TASK INSTRUCTIONS:
Leaving the pictures out, transcribe the records below exactly.

TASK MATERIAL:
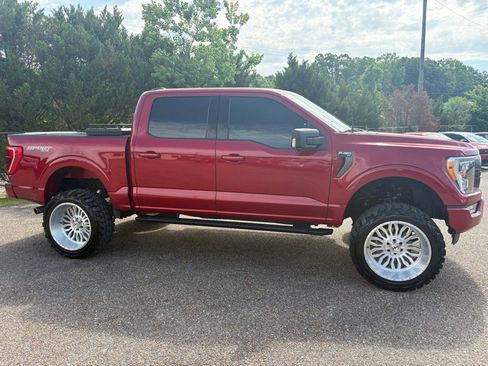 Used 2022 Ford F150 XLT w/ Equipment Group 302A High AWD/4WD image 3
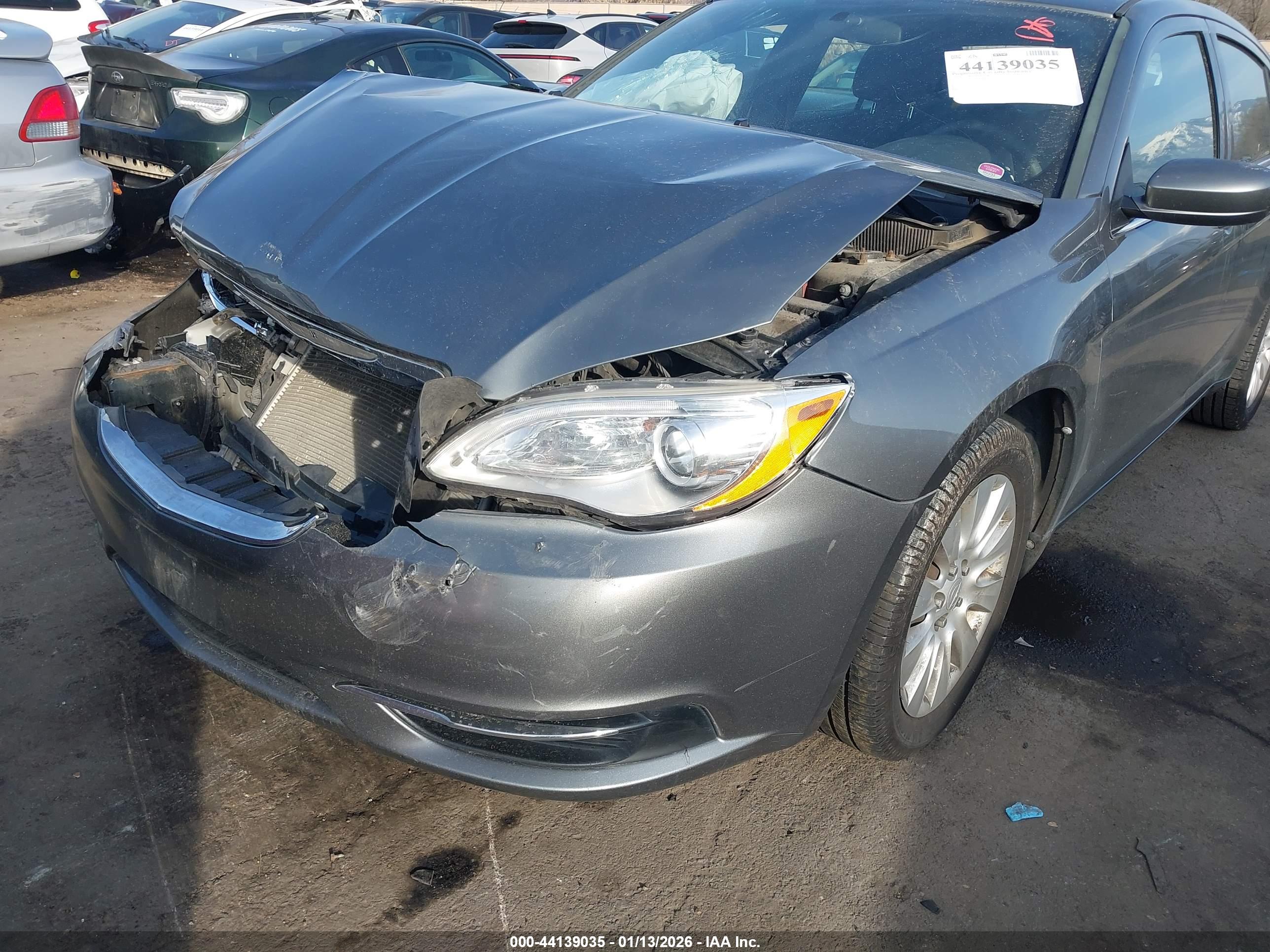 CHRYSLER 200 image 6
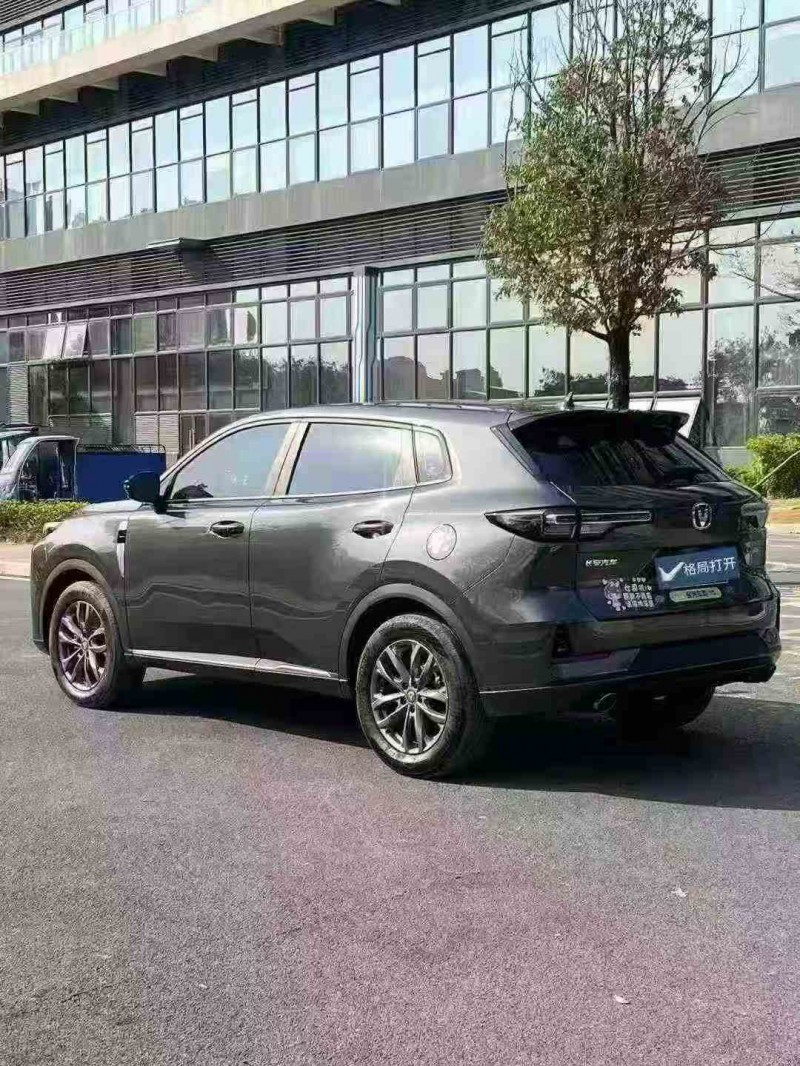 珠海25年长安汽车CS558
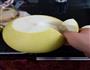 剥柚子的做法图解2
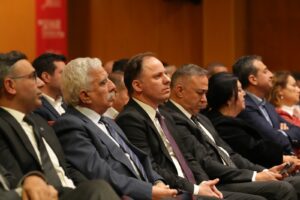 “DEPREM GERÇEĞİYLE YAŞAMAYI ÖĞRENMELİYİZ”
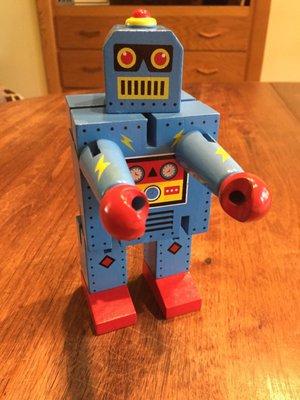 Our toy robot! I can't believe I finally found what I was looking for!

ANSWER:
 Used 2022 Ford F150 XLT w/ Equipment Group 302A High AWD/4WD image 3
 CHRYSLER 200 image 6
 珠海25年长安汽车CS558
 剥柚子的做法图解2
 “DEPREM GERÇEĞİYLE YAŞAMAYI ÖĞRENMELİYİZ”
 Our toy robot! I can't believe I finally found what I was looking for!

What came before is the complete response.